Just then Anna and Boris came through the front door. “Are you guys ready to leave?” she asked. Then she saw the look on Alex’s face.
“I was on the balcony of my apartment watering the plants when a man came running around the corner at full speed,” Boris recalled. “He was carrying a small child. You and your father,” he said to Stefan unnecessarily. “There was a hedge in front of the apartment building. Your father hid you behind the hedge and ran off.
“A few seconds later a truckload of Berovian soldiers turned the corner, coming from the same direction your father had. They had obviously been chasing him. When they caught up to him, the soldiers threw him into the back of the truck.” Boris paused for a moment. “I waited until the truck drove off, and then I went outside and brought you back to the apartment.”
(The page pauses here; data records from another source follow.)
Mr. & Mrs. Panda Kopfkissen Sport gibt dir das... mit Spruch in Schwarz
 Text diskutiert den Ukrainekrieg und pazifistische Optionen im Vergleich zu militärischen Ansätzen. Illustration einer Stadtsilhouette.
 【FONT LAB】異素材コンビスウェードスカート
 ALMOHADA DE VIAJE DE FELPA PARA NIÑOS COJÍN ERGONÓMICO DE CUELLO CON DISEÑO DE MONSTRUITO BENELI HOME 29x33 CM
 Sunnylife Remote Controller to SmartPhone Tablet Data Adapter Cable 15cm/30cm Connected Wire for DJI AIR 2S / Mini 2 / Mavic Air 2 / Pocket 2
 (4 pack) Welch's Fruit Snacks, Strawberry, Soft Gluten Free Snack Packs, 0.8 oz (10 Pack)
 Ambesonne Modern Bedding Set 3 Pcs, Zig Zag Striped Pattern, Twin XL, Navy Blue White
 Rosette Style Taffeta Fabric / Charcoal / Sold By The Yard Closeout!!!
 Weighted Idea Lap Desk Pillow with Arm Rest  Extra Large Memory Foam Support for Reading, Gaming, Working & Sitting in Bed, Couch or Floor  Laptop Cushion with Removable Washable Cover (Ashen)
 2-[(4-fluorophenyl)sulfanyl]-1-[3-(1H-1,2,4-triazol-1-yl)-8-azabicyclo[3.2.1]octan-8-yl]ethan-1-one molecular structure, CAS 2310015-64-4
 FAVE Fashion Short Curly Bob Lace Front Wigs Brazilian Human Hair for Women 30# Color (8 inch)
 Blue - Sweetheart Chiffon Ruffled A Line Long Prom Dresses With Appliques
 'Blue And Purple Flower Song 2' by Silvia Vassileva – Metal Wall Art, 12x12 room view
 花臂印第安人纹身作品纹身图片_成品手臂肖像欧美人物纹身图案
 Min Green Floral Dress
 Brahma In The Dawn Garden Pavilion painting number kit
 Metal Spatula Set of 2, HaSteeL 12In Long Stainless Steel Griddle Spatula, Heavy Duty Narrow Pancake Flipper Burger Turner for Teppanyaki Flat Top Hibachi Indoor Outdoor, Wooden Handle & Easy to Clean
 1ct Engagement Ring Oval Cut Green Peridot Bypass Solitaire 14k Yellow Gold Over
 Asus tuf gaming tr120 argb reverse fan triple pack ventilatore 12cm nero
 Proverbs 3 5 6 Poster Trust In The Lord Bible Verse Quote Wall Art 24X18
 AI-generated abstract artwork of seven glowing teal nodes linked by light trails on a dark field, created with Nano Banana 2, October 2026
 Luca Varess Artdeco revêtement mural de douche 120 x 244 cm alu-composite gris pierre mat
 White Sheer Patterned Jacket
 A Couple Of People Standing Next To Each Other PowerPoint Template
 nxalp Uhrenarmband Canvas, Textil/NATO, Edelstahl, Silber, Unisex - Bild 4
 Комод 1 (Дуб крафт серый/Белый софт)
He turned to Anna. “My wife and I thought Stefan might have family in Sarno but we couldn’t ask any questions without putting us all in danger. We left for Maldania the next day.”
“You had to leave. No Maldan was safe in Sarno after San Marco … You saved Stefan’s life,” Anna said, her voice cracking.
Boris shrugged. “Anybody would have done the same.”
“If someone had seen you and turned you in, you would have been killed.”
Boris shrugged again. “I couldn’t just leave him there.”
“Why didn’t you tell me the truth?” Stefan asked.
“I thought about it,” Boris said, “but I didn’t know how it would affect you. And I was worried it would make you hate all Berovians. There are too many people like that.”